§ What is needed
Retype, word for word, every line from the one holding "КЛОП ТАРАКАН ЖОК" through the one holding "Star of David" in the entries below, both included, and only those lines.

BEGIN Extracted records

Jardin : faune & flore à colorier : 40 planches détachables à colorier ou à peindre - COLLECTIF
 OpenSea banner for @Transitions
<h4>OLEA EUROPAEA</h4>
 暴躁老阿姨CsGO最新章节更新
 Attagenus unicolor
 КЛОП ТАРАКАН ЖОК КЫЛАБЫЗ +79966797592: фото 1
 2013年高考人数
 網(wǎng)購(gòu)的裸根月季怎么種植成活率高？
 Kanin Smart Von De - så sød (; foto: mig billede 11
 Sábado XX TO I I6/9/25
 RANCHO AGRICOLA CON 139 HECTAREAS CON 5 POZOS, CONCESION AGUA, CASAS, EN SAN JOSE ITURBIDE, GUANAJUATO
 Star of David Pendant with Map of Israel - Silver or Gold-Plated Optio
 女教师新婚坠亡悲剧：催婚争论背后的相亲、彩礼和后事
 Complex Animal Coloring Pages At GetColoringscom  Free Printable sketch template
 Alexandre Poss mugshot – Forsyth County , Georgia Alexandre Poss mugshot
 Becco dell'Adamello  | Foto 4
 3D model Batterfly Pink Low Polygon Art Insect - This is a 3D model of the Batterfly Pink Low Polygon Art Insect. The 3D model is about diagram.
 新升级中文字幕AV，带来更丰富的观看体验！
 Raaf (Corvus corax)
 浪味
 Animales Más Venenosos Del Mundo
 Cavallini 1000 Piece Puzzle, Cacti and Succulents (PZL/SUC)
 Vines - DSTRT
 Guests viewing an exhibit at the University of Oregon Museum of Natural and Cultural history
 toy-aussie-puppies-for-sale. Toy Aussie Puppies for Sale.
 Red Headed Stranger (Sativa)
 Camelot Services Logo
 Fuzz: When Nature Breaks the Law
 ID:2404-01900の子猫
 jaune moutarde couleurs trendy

END Extracted records

§ Expected output
 КЛОП ТАРАКАН ЖОК КЫЛАБЫЗ +79966797592: фото 1
 2013年高考人数
 網(wǎng)購(gòu)的裸根月季怎么種植成活率高？
 Kanin Smart Von De - så sød (; foto: mig billede 11
 Sábado XX TO I I6/9/25
 RANCHO AGRICOLA CON 139 HECTAREAS CON 5 POZOS, CONCESION AGUA, CASAS, EN SAN JOSE ITURBIDE, GUANAJUATO
 Star of David Pendant with Map of Israel - Silver or Gold-Plated Optio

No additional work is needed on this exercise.